Exercise description =
From the entries below, reproduce exactly the line containing "Modern, multi-level showroom", the line containing "Close-up of young woman pampering dog", and every line in between, with nothing added.

Recorded information =
[Start of Attachment]
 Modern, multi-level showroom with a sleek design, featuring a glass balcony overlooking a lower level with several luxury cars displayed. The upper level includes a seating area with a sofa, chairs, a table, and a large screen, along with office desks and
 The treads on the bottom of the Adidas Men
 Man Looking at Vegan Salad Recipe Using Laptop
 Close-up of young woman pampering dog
[End of Attachment]
[Start of Attachment]
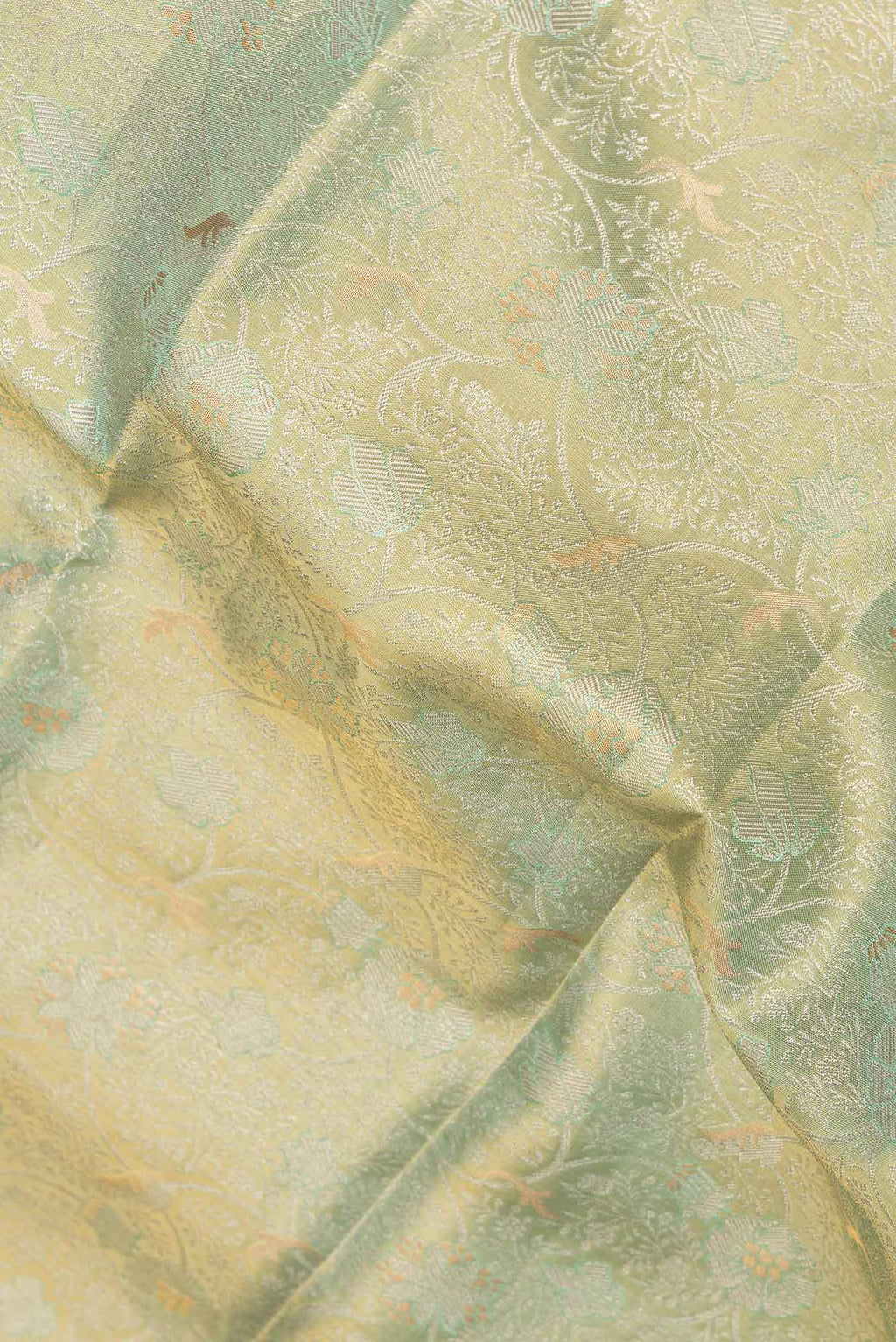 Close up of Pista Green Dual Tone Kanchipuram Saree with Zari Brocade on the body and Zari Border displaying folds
[End of Attachment]
Answer for the task =
 Modern, multi-level showroom with a sleek design, featuring a glass balcony overlooking a lower level with several luxury cars displayed. The upper level includes a seating area with a sofa, chairs, a table, and a large screen, along with office desks and
 The treads on the bottom of the Adidas Men
 Man Looking at Vegan Salad Recipe Using Laptop
 Close-up of young woman pampering dog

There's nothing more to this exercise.